The Medill School of Journalism at Northwestern University issued its “State of Local News” report late last year, and that study estimates that of the papers that were operating in 2005, one-quarter to one-third of those will be gone by the end of this year. In the face of this reality, there is a proposal made in the Senate to save the newspaper industry and stave off the spread of “news deserts”.

There have been efforts in the past for the government to step in and prop up the news industry, a dystopian proposal where the industry charged with challenging the government would become dependent on that same government. The Local Journalism Sustainability Act was one such effort, where outlets would not only be paid a stipend for employee salaries but local businesses would be granted tax breaks to advertise in publications and locals would be able to write off subscriptions. 

Joe Biden proposed including this overreaching subsidy program in his Build Back Better monolithic spending plan. This would lead to an already supplicant news industry becoming even more servile, given that it would be relying on government support for advertising, subscriptions, and even meeting payroll. Now comes another ill-fated and ill-thought-out plan from D.C.

Dubbed the “Deliver for Democracy Act”, introduced by Senator Peter Welch of Vermont, this is an effort to ease some of the financial burdens on periodicals by having the United States Post Office become limited from raising postage rates on the 1st Class mailing, which entails the sector where newspapers and magazines are delivered through the mail. This has been a concern for those remaining publications that still produce hard-copy editions.


For years now, outlets have been transitioning from using delivery drivers to relying on the mail service. This is due to losing out to rideshare services like Uber and DoorDash, as well as the labor law in California targeting gig economy drivers. But this solution then relied upon another struggling entity – the USPS. The postal service has been foundering and as a solution it has been raising postage rates regularly in an effort to achieve sustainability.

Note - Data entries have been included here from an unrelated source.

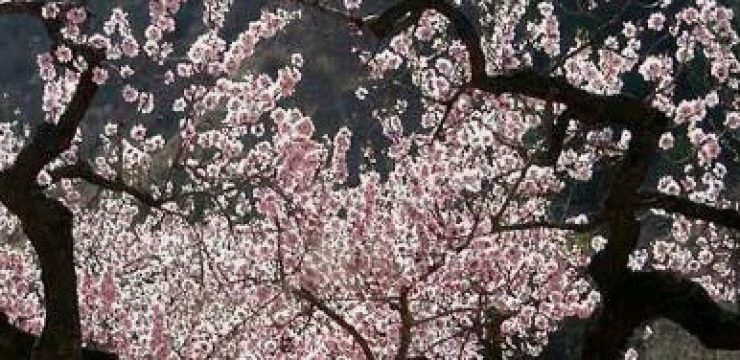 almond-tree-green-prophet-1.jpg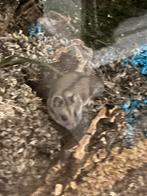 Chinese dwerghamster, Dieren en Toebehoren, Knaagdieren, Mannelijk, Hamster, Voor 1 juli 2024, Tam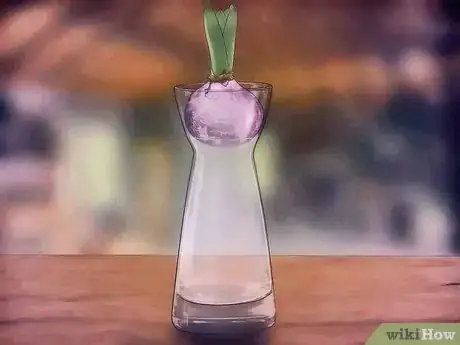 Imagen titulada Grow a Hyacinth Bulb in Water Step 7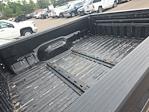 2012 Ford F-250 Crew Cab 4x4 Pickup for sale #CEB54000 - photo 9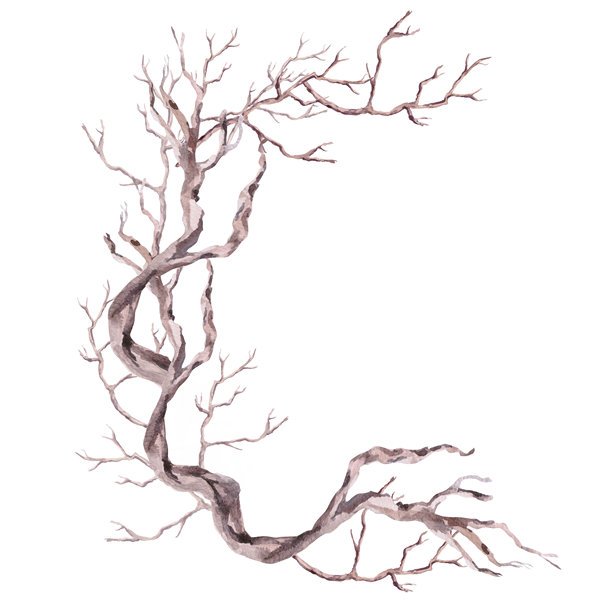 半圆形构图，搭配弯曲的浮木。适用于环保项目、旅行社、室内设计、海报和明信片的孤立水彩插画。图片下载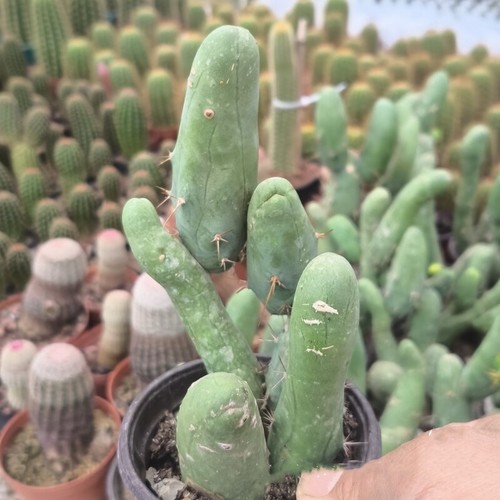 10cm succulent cactus plant - 10cm,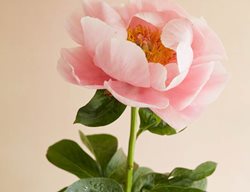 Salmon Dream, Peony, Hybrid, Perennial
Garden Design
Calimesa, CA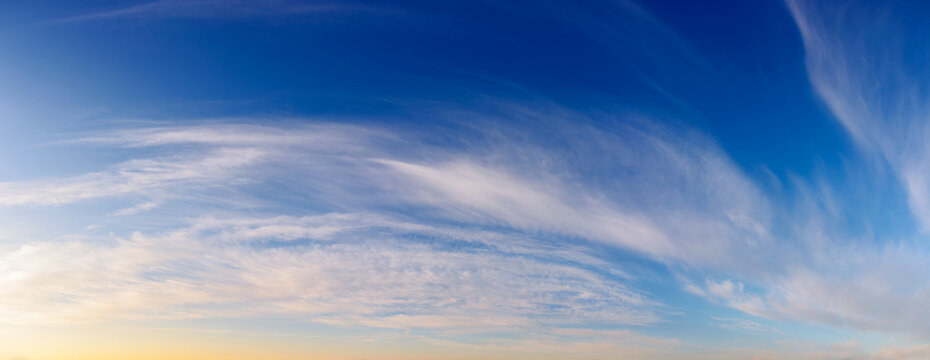 panorama of a blue sky with cirrus clouds at sunrise. beautiful nature background in morning light. good weather forecast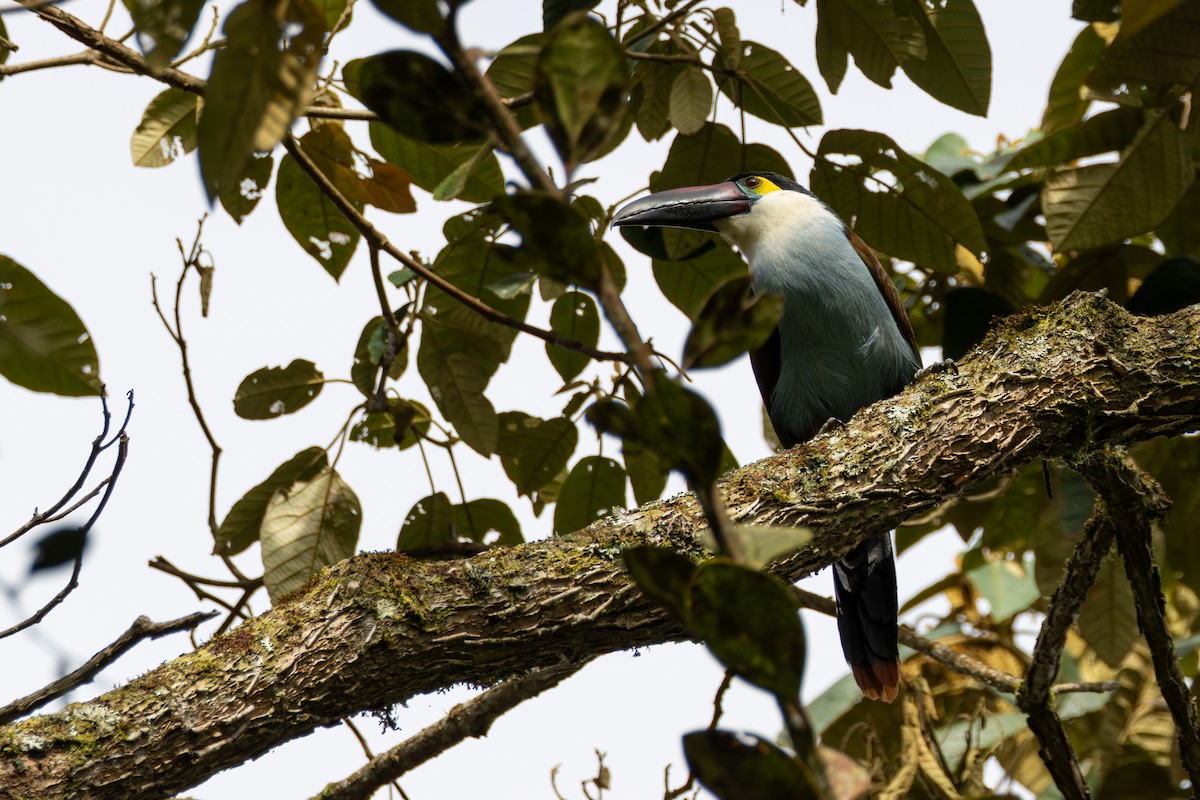 Black-billed Mountain-Toucan - ML646523046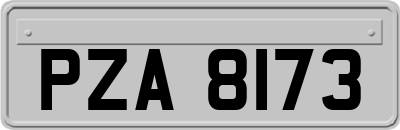 PZA8173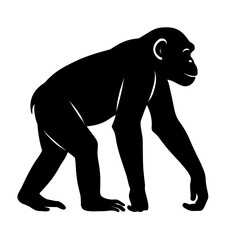 Fototapeta premium Silhouette of a Bonobo in Profile with Expressive Features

In 2021, Postmaster General Louis DeJoy introduced his 10-year agenda to get the USPS operating at a profit, the Delivering For America Plan. Employing modernization, streamlining operations, and putting the focus on package delivery, the expectations were this would see the USPS become a viable entity. It has been a struggle. By this point in time, the hope was for the service to see its annual bottom line reach a break-even level, but last year saw operating losses of $6.5 billion. 

One remedy to be applied was another raising of postal charges, from stamps to shipping rates, and this would also entail a rise in the delivery of periodicals. Senator Welch proposes to limit the USPS from raising rates on news outlets unless certain delivery benchmarks are achieved.

The Deliver for Democracy Act would carry on this tradition and help news outlets overcome the current crisis of local journalism by incentivizing reliable postal service and limiting excessive rate increases. Specifically, it would require the Postal Service to either achieve at least a 95% on-time delivery rate for periodicals or an improvement of at least 2 percentage points to unlock its 2 percent surcharge authority for that class of mail.


This is going to become a challenge for the mail carriers. In its 2-year progress report, the USPS showed while most mail classes were seeing an on-time delivery rate in the 90 percentiles, periodicals came in with a lowly figure of 83.7%, and the projected improvement for 2023 was only 85.75%.

Things do not bode well for anyone involved. A dissolving news industry is relying on a perennial fortune-losing mail industry with a dismal delivery success rate, and the solution for this is to have politicians step in and deliver the remedy. Cast me in the “Dubious” column among the opinions on how well this proposal is going to fare.